The first clubs in Roland were organized through the local school so that all children could participate whether by raising poultry, swine or beef, or planting and harvesting a top quality garden, canning vegetables for winter’s use or making garments for the family. As the movement grew, volunteer leadership emerged from the communities and became independent of the school, and provided a way of drawing the rural community together.
The 4-H Clubs played both an economic and a social role in the community at large. Club work concerned itself with improving qualities of agriculture. There were beef clubs, dairy clubs, poultry and swine clubs, garden and seed clubs, all dedicated to the advancement of new techniques. Stress was placed on productive labor and the ensuing profit. In its initial stages, the 4-H movement was designed to create a sense of pride in the industry of farming and thus prevent the “dreadful luring” of rural young people to the city. The boys were encouraged by 4-H to attend the Manitoba Agricultural College, to learn about advanced farm practices and to then return to the family farm to make a useful contribution. The girls were encouraged to attend the faculty of home economics in order to advance their roles as professional housekeepers. This particular role to a farm woman in the early half of the century was certainly not considered limited for she was an integral part of the family economic unit. In days when there were no supermarkets, knowledge of food preservation techniques were essential! Instruction in nursing and child care was also vital considering that many of these woman lived in rural isolated communities.

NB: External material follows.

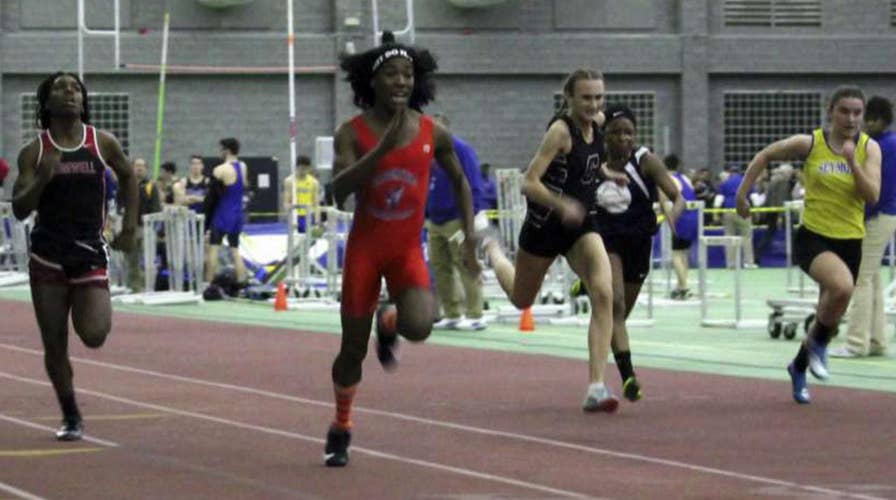 Do transgender female athletes have an unfair advantage in competition?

Gradually, as women’s roles in society underwent change, so too did the focus change in the 4-H Club movement. By the early 1960s, because technological advances in the home had made women’s roles less demanding, 4-H club work was preparing girls to go into the work force and develop careers. For boys as well, the focus in the 4-H movement was changing to adapt to the demands of a changing society. As well as keeping up with the latest advances in agriculture, the purpose of Club work included the development of the individual’s potential in leadership, citizen-ship and the fostering of a cooperative spirit within a larger community. An example of this was the 4-H enthusiastic participation in the World Freedom From Hunger Campaign in 1963 sponsored by the United Nations.
In all, 4-H has offered a valuable service to young people over the years, first by providing the means by which rural youth could come together to learn more about the business of farming and second by providing reason for people from the community, both adults and children, to get together for some good honest enjoyment. Through the ideals it holds dear (such as individualism and competition and profit) the 4-H movement has, over the years, been a fairly powerful means of social control, clearly emphasizing what it deems to be the “proper” social attitude and influenced the thinking of thousands of children.
During World War I, 4-H club work became synonymous with patriotism as its role was to raise food for the war effort. This sense of patriotism manifested itself also in the attitude of the 4-H leadership towards immigrants. Children were encouraged to “Anglicise” all foreigners, in other words to make them “just like us” in both appearance and thought. This was stressed so emphatically that it was suggested that immigrants should only be brought in from the ‘good stock’ of the British Isles so that there would be little if any problem in having them as neighbours. Unfortunately members of 4-H who heard this kind of talk from their leaders naturally might assume that being “white Anglo-Saxon and Protestant” made them somehow quite superior. But by the end of World War II, such racial attitudes had changed and all new Canadians regardless of race were welcomed into the 4-H movement, as long as they adopted the traditional 4-H ideals of competition, profit and good citizenship.
Source: Archives of Manitoba
4-H has moved from a concentration on improving agriculture to a concentration on improving the rural community. Ideally, a young person has the opportunity to find high personal achievements as well as the setting in which to learn to work co-operatively within a group. Over the years, 4-H has proved to be of benefit to Canadian youth: it has strengthened the link between rural and urban communities and has promoted a greater understanding of each others needs and problems.